Sr. Staff Software Engineer, Systems Infrastructure
- Full-time
- Workplace Type: Hybrid
- Career Track & Grade: IC5/10
- Department: Engineering
Company Description
LinkedIn is the world’s largest professional network, built to create economic opportunity for every member of the global workforce. Our products help people make powerful connections, discover exciting opportunities, build necessary skills, and gain valuable insights every day. We’re also committed to providing transformational opportunities for our own employees by investing in their growth. We aspire to create a culture that’s built on trust, care, inclusion, and fun – where everyone can succeed. Join us to transform the way the world works.
Job Description
This role will be based in Sunnyvale or Mountain View, CA.

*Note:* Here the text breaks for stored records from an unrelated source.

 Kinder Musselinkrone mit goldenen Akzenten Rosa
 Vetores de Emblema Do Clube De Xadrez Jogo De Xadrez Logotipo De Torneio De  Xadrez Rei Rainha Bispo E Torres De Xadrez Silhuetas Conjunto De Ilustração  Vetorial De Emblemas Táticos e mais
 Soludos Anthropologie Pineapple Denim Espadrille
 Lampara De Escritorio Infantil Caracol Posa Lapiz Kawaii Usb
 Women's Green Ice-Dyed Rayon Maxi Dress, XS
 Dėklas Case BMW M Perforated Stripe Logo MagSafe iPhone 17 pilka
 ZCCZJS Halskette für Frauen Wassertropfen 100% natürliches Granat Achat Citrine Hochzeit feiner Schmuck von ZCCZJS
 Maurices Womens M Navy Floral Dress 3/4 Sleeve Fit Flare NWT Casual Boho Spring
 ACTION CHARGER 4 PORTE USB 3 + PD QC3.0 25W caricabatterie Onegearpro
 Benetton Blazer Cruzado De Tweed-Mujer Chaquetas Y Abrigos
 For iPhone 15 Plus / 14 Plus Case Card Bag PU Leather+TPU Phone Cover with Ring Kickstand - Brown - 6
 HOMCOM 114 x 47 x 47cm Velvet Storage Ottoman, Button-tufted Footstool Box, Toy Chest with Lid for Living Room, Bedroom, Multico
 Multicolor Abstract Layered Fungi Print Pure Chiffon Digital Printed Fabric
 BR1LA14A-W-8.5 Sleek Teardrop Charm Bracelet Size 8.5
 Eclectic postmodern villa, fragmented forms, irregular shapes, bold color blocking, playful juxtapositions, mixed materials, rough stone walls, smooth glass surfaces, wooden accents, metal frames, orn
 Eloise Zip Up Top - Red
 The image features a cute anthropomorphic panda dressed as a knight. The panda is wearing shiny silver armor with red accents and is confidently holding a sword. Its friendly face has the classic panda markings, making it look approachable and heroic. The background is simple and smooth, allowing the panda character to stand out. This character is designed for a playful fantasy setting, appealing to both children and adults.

At LinkedIn, our approach to flexible work is centered on trust and optimized for culture, connection, clarity, and the evolving needs of our business. The work location of this role is hybrid, meaning it will be performed both from home and from a LinkedIn office on select days, as determined by the business needs of the team.
Join LinkedIn’s Serving Foundations team and work on one of the most critical layers of our AI platform—powering large-scale model inference across all major AI use cases. This team sits at the center of LinkedIn’s AI stack and is responsible for making our models faster, more efficient, and more scalable at production scale.
This is a deeply technical, systems-focused position at the intersection of machine learning, compilers, and hardware. You will work across the full stack—from model graphs and optimization techniques to runtime systems, kernels, and GPU execution—to push the limits of performance and efficiency.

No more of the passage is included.